On occasion, the inmates actually do take over the asylum.  Similarly, business personnel can be defeated by their IT peers, although many might argue that such an unexpected role reversal cannot happen.

They say that business is in charge, that business has the budget, and business dictates requirements. They are wrong; business is supposed But circumstances do happen wherein IT influences business to such an extent that IT becomes the puppet master. When such a defeat of the user kingdom occurs, the evidence is visible in users who can only explain the business in terms of the specific IT implementation, or lack thereof. And under these extreme IT controlling influences, business may often see the existing implementation of a solution as “the only way.” 

Terms like “GUID” or other system-generated bits and keys enter the business discussion as if they were a natural part of the trade.  These users have been over-exposed to raw implementation details and choices.  Once this vicious cycle takes hold, unusual things appear; the latest solutions or iterations often include the same short-comings as the old solutions.  What is most recent is only newer, and not very much better.  Ultimately, IT staff become the only ones who can explain the improvements, which may be limited to the coding language or tool used behind the scenes. 

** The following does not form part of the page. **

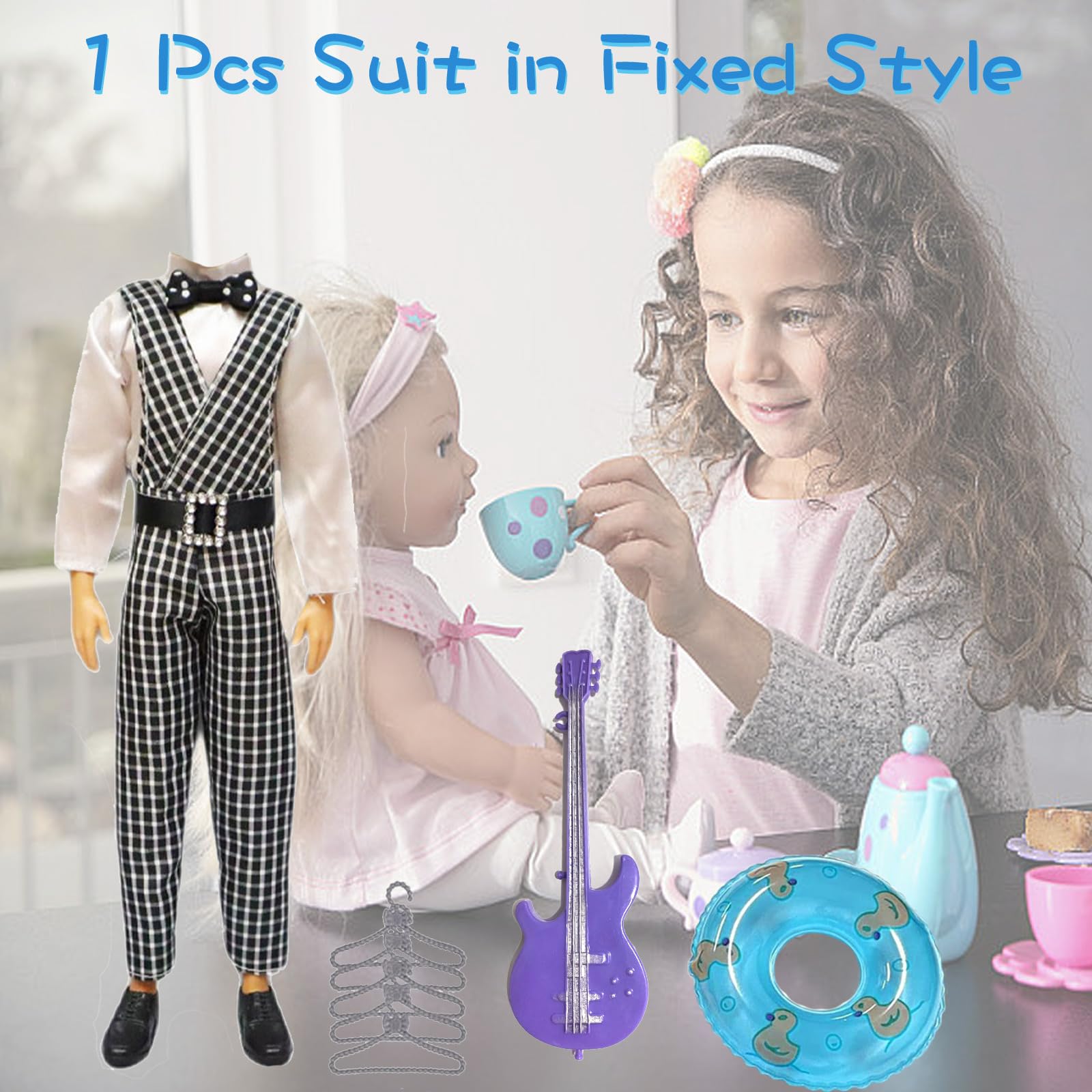23 stuks poppenkleding Compatibel met Ken Kleding, Kleren voor jongenpoppen 1 rasterpak 4 kledingstukken 4 broeken 5 paar schoenen 5 kledingrekken 3 accessoires voor 12 inch poppen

As the description of the business now incorporates these IT additions, any new solution analysis is made that much harder.  For an outside analyst entering the flip-flopped world, identifying requirements is a Himalayan challenge.  Internal analysis becomes a non-entity, since “everyone knows” that what is present is “as it is” and “as it is” is just fine; in fact, how could it possibly be any different.  But for an outsider, alien to the existing status quo, separating out true business rules and requirements from the accepted implementations and code-based cul-de-sacs is a very difficult task.  The user has been trained to explain only the actual implementation and not what business task it was intended to address. 

It can be a verbal battle to help users climb out of the box they have become accustomed to living within.  The analyst must continually push the users to embrace the heart of the desired functionality, to split apart terms and ideas that these users have accepted as inseparable.  The same question must be asked yet again but from different aspects and perspectives to see what things truly stand for functional concepts and what things stand in the way.  There is a certain joy an analyst or designer may experience in bringing a user to the precipice of understanding where the user can start thinking in terms of ideas, rather than of column names.  The accepted IT-named identifier may turn out to be a strong key given to a weak associative entity, and no one in business may really understand why the association exists.  A good analyst strips the varnish off these concepts so these basic ideas can be explored and refined further.  Some ideas may need to be removed from future designs because these ideas represent artifacts of a specific approach rather than a true requirement.  Ideas that remain should have agreed upon business definitions that make the object/identifier’s reason for existence clear, to both business and future IT maintenance staff.

A good data architect must also be a very good business analyst.  When applying those business analyst skills, the data architect must work hard to develop the ability to describe the business in business terms, relate to the business community, and that community’s issues, concerns, and hopes.  The data architect serves as a bridge from business into the technical community.  Implementation possibilities are truly infinite.  Data architects skilled in their craft can identify the options that help achieve the business goals, versus those alternatives that stifle the business goals.  And, ideally, data architects do not force business to become technical, or pseudo-technical, and most certainly they do not try to convince the organization that only one possible solution exists for a problem.